- _ABOUT THIS EXERCISE_: Please copy out every line of the data word for word.

- _EXERCISE INPUTS_:
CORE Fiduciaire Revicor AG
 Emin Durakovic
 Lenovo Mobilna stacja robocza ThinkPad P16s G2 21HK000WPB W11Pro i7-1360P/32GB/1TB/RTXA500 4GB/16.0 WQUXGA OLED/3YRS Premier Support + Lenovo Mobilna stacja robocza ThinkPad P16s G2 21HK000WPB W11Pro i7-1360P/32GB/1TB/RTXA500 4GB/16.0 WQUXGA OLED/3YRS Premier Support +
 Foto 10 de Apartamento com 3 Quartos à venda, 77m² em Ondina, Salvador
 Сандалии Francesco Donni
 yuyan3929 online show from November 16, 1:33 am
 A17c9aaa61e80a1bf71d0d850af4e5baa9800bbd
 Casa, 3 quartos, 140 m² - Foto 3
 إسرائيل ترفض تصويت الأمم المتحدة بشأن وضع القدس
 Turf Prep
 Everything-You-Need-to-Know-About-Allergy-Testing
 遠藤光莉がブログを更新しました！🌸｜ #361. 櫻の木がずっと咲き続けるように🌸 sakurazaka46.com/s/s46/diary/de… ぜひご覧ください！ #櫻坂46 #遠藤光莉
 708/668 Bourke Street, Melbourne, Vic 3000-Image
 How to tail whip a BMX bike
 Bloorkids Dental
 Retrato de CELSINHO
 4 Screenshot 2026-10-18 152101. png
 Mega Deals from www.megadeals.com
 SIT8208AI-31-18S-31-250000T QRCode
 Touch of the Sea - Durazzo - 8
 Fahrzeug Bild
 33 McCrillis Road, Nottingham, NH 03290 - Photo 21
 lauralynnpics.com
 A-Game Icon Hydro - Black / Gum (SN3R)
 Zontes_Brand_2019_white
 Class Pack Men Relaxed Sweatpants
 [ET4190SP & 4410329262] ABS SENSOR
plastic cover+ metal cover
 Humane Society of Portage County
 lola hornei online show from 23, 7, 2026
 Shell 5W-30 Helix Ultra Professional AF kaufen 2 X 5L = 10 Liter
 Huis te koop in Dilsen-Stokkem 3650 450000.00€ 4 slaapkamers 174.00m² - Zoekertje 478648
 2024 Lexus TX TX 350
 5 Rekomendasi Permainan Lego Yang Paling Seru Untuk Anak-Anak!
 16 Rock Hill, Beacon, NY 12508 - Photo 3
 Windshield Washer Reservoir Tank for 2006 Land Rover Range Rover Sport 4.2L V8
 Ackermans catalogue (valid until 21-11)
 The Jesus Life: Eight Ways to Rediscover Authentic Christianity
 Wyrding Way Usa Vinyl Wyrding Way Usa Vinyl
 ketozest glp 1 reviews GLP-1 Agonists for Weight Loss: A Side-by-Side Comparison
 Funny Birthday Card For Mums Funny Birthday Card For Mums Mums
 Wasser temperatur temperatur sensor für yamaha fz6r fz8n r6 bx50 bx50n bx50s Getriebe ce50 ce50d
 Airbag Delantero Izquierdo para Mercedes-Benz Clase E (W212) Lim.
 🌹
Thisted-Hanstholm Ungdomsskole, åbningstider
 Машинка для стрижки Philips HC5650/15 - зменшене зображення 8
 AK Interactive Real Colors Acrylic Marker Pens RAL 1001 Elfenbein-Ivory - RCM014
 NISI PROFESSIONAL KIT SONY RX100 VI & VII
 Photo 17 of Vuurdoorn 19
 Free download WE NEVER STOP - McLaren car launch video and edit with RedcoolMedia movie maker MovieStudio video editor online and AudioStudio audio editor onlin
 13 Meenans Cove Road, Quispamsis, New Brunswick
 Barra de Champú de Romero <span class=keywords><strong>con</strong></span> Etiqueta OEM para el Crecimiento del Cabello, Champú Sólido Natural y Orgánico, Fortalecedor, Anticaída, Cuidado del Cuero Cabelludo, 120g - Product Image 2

- _WRITTEN SOLUTION_:
CORE Fiduciaire Revicor AG
 Emin Durakovic
 Lenovo Mobilna stacja robocza ThinkPad P16s G2 21HK000WPB W11Pro i7-1360P/32GB/1TB/RTXA500 4GB/16.0 WQUXGA OLED/3YRS Premier Support + Lenovo Mobilna stacja robocza ThinkPad P16s G2 21HK000WPB W11Pro i7-1360P/32GB/1TB/RTXA500 4GB/16.0 WQUXGA OLED/3YRS Premier Support +
 Foto 10 de Apartamento com 3 Quartos à venda, 77m² em Ondina, Salvador
 Сандалии Francesco Donni
 yuyan3929 online show from November 16, 1:33 am
 A17c9aaa61e80a1bf71d0d850af4e5baa9800bbd
 Casa, 3 quartos, 140 m² - Foto 3
 إسرائيل ترفض تصويت الأمم المتحدة بشأن وضع القدس
 Turf Prep
 Everything-You-Need-to-Know-About-Allergy-Testing
 遠藤光莉がブログを更新しました！🌸｜ #361. 櫻の木がずっと咲き続けるように🌸 sakurazaka46.com/s/s46/diary/de… ぜひご覧ください！ #櫻坂46 #遠藤光莉
 708/668 Bourke Street, Melbourne, Vic 3000-Image
 How to tail whip a BMX bike
 Bloorkids Dental
 Retrato de CELSINHO
 4 Screenshot 2026-10-18 152101. png
 Mega Deals from www.megadeals.com
 SIT8208AI-31-18S-31-250000T QRCode
 Touch of the Sea - Durazzo - 8
 Fahrzeug Bild
 33 McCrillis Road, Nottingham, NH 03290 - Photo 21
 lauralynnpics.com
 A-Game Icon Hydro - Black / Gum (SN3R)
 Zontes_Brand_2019_white
 Class Pack Men Relaxed Sweatpants
 [ET4190SP & 4410329262] ABS SENSOR
plastic cover+ metal cover
 Humane Society of Portage County
 lola hornei online show from 23, 7, 2026
 Shell 5W-30 Helix Ultra Professional AF kaufen 2 X 5L = 10 Liter
 Huis te koop in Dilsen-Stokkem 3650 450000.00€ 4 slaapkamers 174.00m² - Zoekertje 478648
 2024 Lexus TX TX 350
 5 Rekomendasi Permainan Lego Yang Paling Seru Untuk Anak-Anak!
 16 Rock Hill, Beacon, NY 12508 - Photo 3
 Windshield Washer Reservoir Tank for 2006 Land Rover Range Rover Sport 4.2L V8
 Ackermans catalogue (valid until 21-11)
 The Jesus Life: Eight Ways to Rediscover Authentic Christianity
 Wyrding Way Usa Vinyl Wyrding Way Usa Vinyl
 ketozest glp 1 reviews GLP-1 Agonists for Weight Loss: A Side-by-Side Comparison
 Funny Birthday Card For Mums Funny Birthday Card For Mums Mums
 Wasser temperatur temperatur sensor für yamaha fz6r fz8n r6 bx50 bx50n bx50s Getriebe ce50 ce50d
 Airbag Delantero Izquierdo para Mercedes-Benz Clase E (W212) Lim.
 🌹
Thisted-Hanstholm Ungdomsskole, åbningstider
 Машинка для стрижки Philips HC5650/15 - зменшене зображення 8
 AK Interactive Real Colors Acrylic Marker Pens RAL 1001 Elfenbein-Ivory - RCM014
 NISI PROFESSIONAL KIT SONY RX100 VI & VII
 Photo 17 of Vuurdoorn 19
 Free download WE NEVER STOP - McLaren car launch video and edit with RedcoolMedia movie maker MovieStudio video editor online and AudioStudio audio editor onlin
 13 Meenans Cove Road, Quispamsis, New Brunswick
 Barra de Champú de Romero <span class=keywords><strong>con</strong></span> Etiqueta OEM para el Crecimiento del Cabello, Champú Sólido Natural y Orgánico, Fortalecedor, Anticaída, Cuidado del Cuero Cabelludo, 120g - Product Image 2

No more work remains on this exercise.